Assignment:
Pictures aside, every line of the listing should be given again exactly.

★ ★ ★ ★ ★ ★ ★

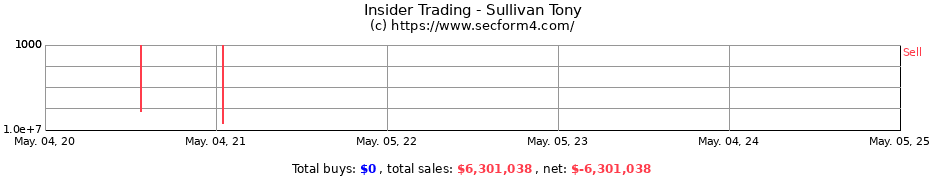 Insider Trading Transactions for Sullivan Tony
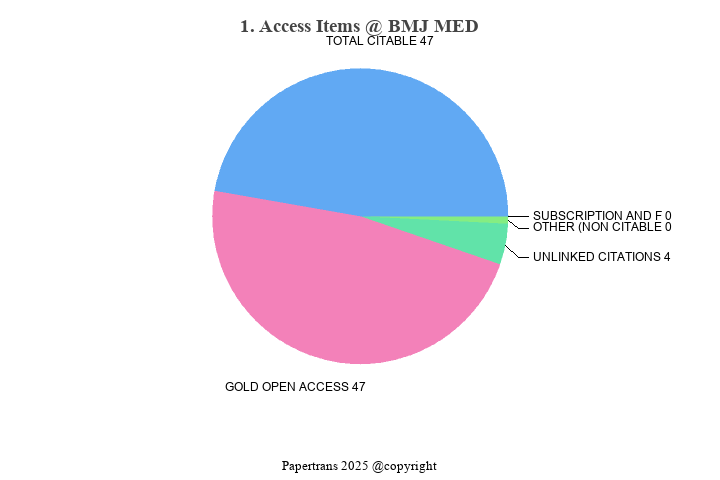 期刊影响因子2024/2025: BMJ Medicine, BMJ MED, ISSN:N/A, eISSN:2754-0413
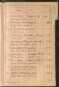 Standesamtsbuch der Stadt Aschaffenburg: Register Eheschließungen 1927 - 1929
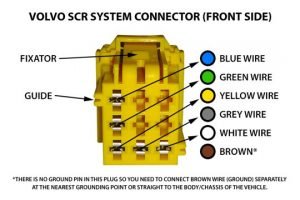 AdBlue Emulator V4 installation manual for Volvo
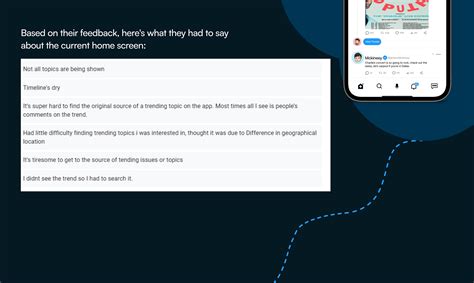 Image result for Twitter Screen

★ ★ ★ ★ ★ ★ ★

Exercise solution:
 Insider Trading Transactions for Sullivan Tony
 期刊影响因子2024/2025: BMJ Medicine, BMJ MED, ISSN:N/A, eISSN:2754-0413
 Standesamtsbuch der Stadt Aschaffenburg: Register Eheschließungen 1927 - 1929
 AdBlue Emulator V4 installation manual for Volvo
 Image result for Twitter Screen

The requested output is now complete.